Item 1.01 | Entry into a Material Definitive Agreement. |
The information set forth under Item 2.03 of this Current Report on Form 8-K regarding the DDTL Facility, as defined below, is incorporated into this Item 1.01 by reference.
Item 2.01 | Completion of Acquisition or Disposition of Assets. |
On April 20, 2023, Sphere Entertainment Co. (formerly Madison Square Garden Entertainment Corp. and referred to herein as the “Registrant”) distributed approximately 67% of the issued and outstanding shares of the common stock of Madison Square Garden Entertainment Corp. (formerly MSGE Spinco, Inc. and referred to herein as “MSG Entertainment”) to its stockholders (the “Distribution”). MSG Entertainment owns, directly or indirectly, the live entertainment and booking businesses previously owned and operated by the Registrant (collectively, the “Spinco Business”). In the Distribution, (a) each holder of the Registrant’s Class A common stock, par value $0.01 per share, received one share of MSG Entertainment Class A common stock, par value $0.01 per share (“MSG Entertainment Class A Common Stock”), for every share of the Registrant’s Class A common stock held of record as of the close of business, New York City time, on April 14, 2023 (the “Record Date”) and (b) each holder of the Registrant’s Class B common stock, par value $0.01 per share, received one share of MSG Entertainment Class B common stock, par value $0.01 per share, for every share of the Registrant’s Class B common stock held of record as of the close of business, New York City time, on the Record Date.
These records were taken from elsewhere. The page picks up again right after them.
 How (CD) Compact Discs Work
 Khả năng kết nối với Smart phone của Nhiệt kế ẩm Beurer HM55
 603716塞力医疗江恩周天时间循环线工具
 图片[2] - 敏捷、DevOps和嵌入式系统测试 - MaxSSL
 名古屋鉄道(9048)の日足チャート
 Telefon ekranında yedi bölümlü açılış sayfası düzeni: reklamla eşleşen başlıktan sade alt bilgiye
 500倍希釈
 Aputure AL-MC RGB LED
In addition, Sphere Entertainment retained 17,021,491 shares of MSG Entertainment Class A Common Stock following the Distribution, representing approximately 33% of the issued and outstanding shares of the common stock of MSG Entertainment and approximately 38% of the issued and outstanding shares of MSG Entertainment Class A Common Stock.
Subsequent to the Distribution, the Registrant will no longer include the financial results of the Spinco Business for the purpose of its own financial reporting. After the date of the Distribution, the historical financial results of the Spinco Business will be reflected in the consolidated financial statements of the Registrant as discontinued operations for all periods presented through the Distribution date, beginning with the financial statements to be filed for the fiscal year ended June 30, 2023.
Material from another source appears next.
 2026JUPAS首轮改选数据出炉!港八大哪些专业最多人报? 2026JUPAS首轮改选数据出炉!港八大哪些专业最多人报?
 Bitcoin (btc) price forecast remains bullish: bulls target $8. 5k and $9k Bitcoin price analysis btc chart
Filed as Exhibit 99.1 to this Current Report on Form 8-K are the unaudited pro forma consolidated balance sheet of the Registrant as of December 31, 2022 and the unaudited pro forma condensed consolidated statements of operations of the Registrant for the six months ended December 31, 2022 and the fiscal years ended June 30, 2022, 2021 and 2020, in each case giving effect to the Distribution.
Item 2.03 | Creation of a Direct Financial Obligation or an Obligation under an Off-Balance Sheet Arrangement of a Registrant. |
Delayed Draw Term Loan Facility
As an additional source of liquidity for the Registrant, on April 20, 2023, MSG Entertainment Holdings, LLC (“MSG Entertainment Holdings”) entered into a delayed draw term loan facility (the “DDTL Facility”) with the Registrant. Pursuant to the DDTL Facility, MSG Entertainment Holdings has committed to lend up to $65 million in delayed draw term loans to the Registrant on an unsecured basis for a period of 18 months following the consummation of the Distribution. The DDTL Facility will mature and any unused commitments thereunder will expire on October 20, 2024. Borrowings under the DDTL Facility will bear interest at a variable rate equal to either, at the option of the Registrant, (a) a base rate plus an applicable margin, or (b) Term SOFR plus 0.10%, plus an applicable margin. The applicable margin is equal to the applicable margin under the Credit Agreement, dated as of June 30, 2022, among MSG National Properties, LLC, the guarantors party thereto, the lenders party thereto, the issuing banks party thereto and JPMorgan Chase Bank, N.A., in its capacity as administrative agent, plus 1.00% per annum. Subject to customary borrowing conditions, the DDTL Facility may be drawn in up to six separate borrowings of $5 million or more. The DDTL Facility is prepayable at any time without penalty and amounts repaid on the DDTL Facility may not be reborrowed. The Registrant shall only be permitted to use the proceeds of the DDTL Facility (i) for funding costs associated with the Sphere initiative and (ii) in connection with refinancing of the indebtedness under that certain amended and restated credit agreement, dated as of October 11, 2019, among MSGN Holdings, L.P., as borrower, the guarantors party thereto, the lenders party thereto and JPMorgan Chase Bank, N.A., as administrative agent, as amended, modified, restated or supplemented from time to time. The DDTL Facility contains certain representations and warranties and affirmative and negative covenants, including, among others, financial reporting, notices of material events, and limitations on asset dispositions, restricted payments, and affiliate transactions.